WHAT YOU HAVE TO DO
Return the listing exactly. Keep no pictures.

COLLECTED DATA
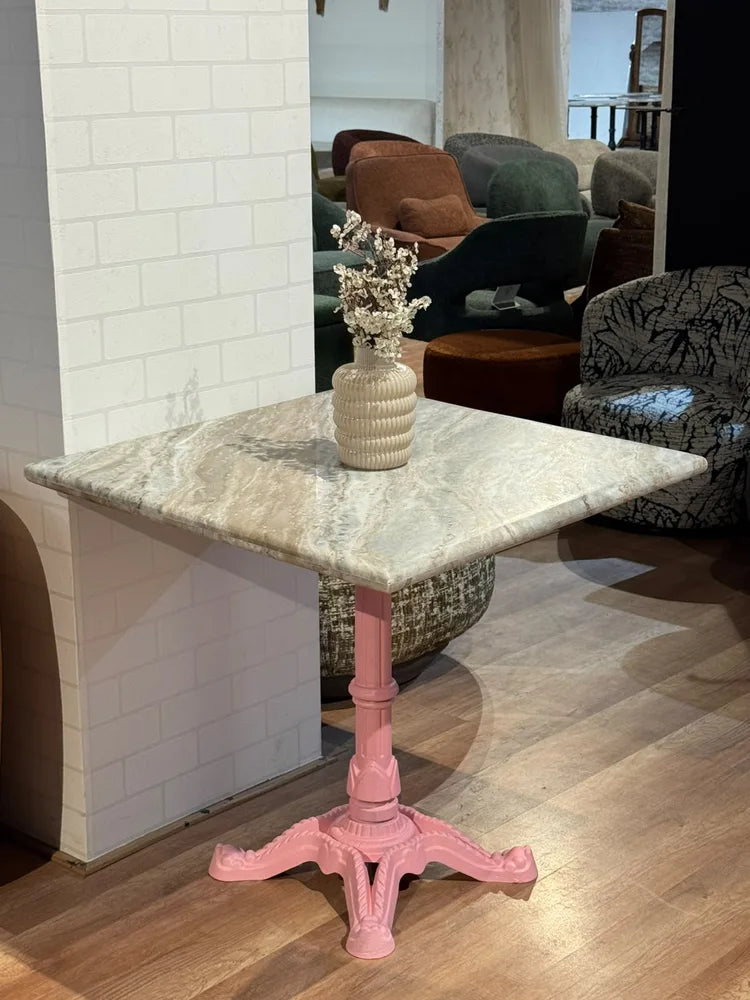 Summit Sawar Marble Restaurant Table with Metal Legs - Large real view 3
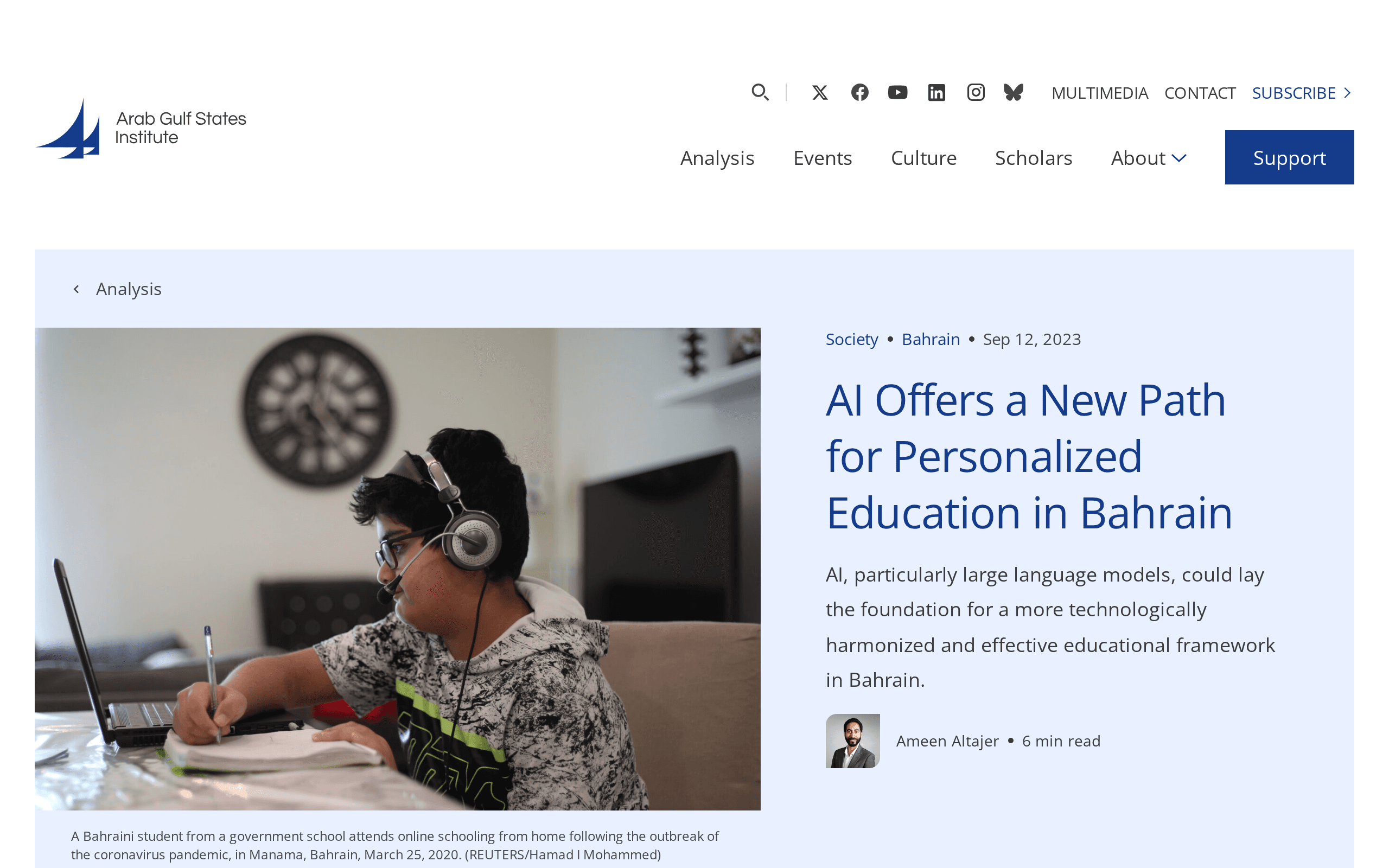 Arab Gulf States Institute in Washington: AI Offers a New Path for Personalized Education in Bahrain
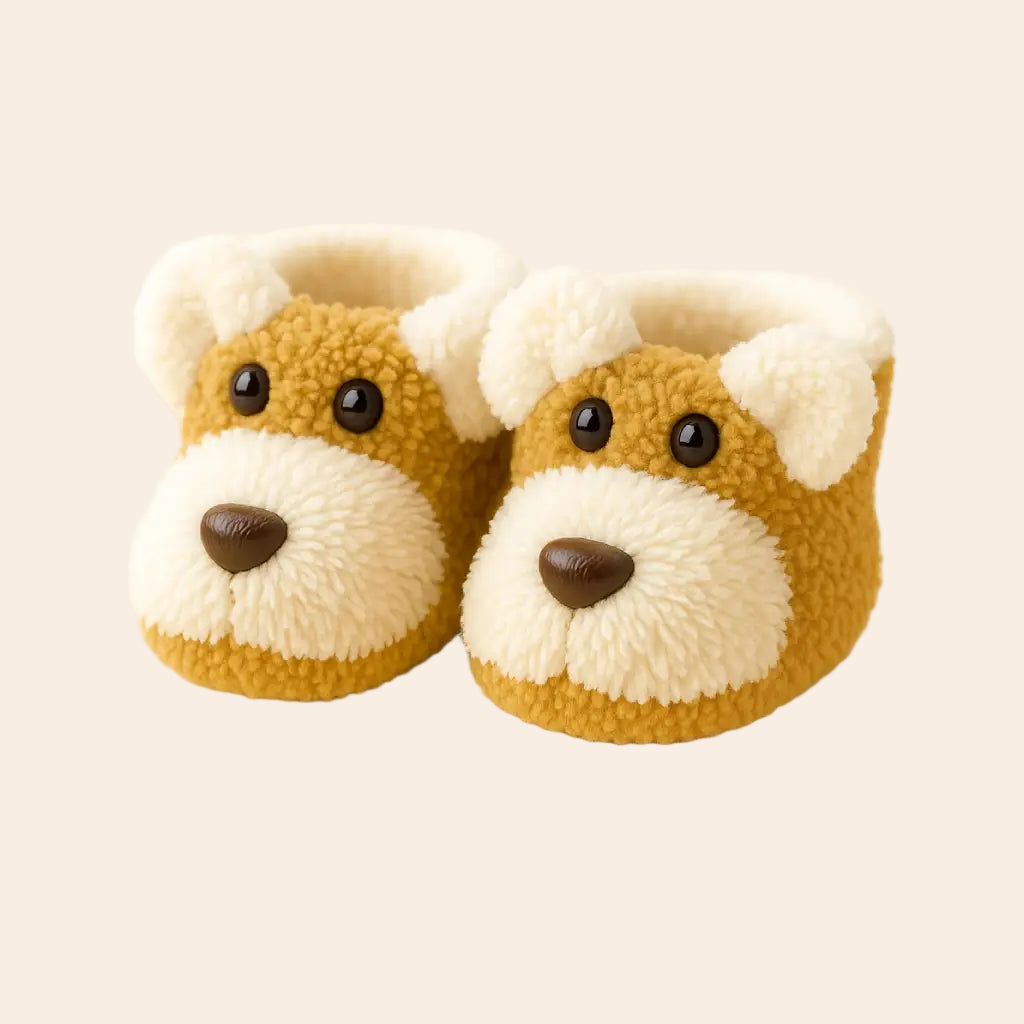 Plush Puppy Baby Booties with Laces – Yellow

PROBLEM SOLUTION
 Summit Sawar Marble Restaurant Table with Metal Legs - Large real view 3
 Arab Gulf States Institute in Washington: AI Offers a New Path for Personalized Education in Bahrain
 Plush Puppy Baby Booties with Laces – Yellow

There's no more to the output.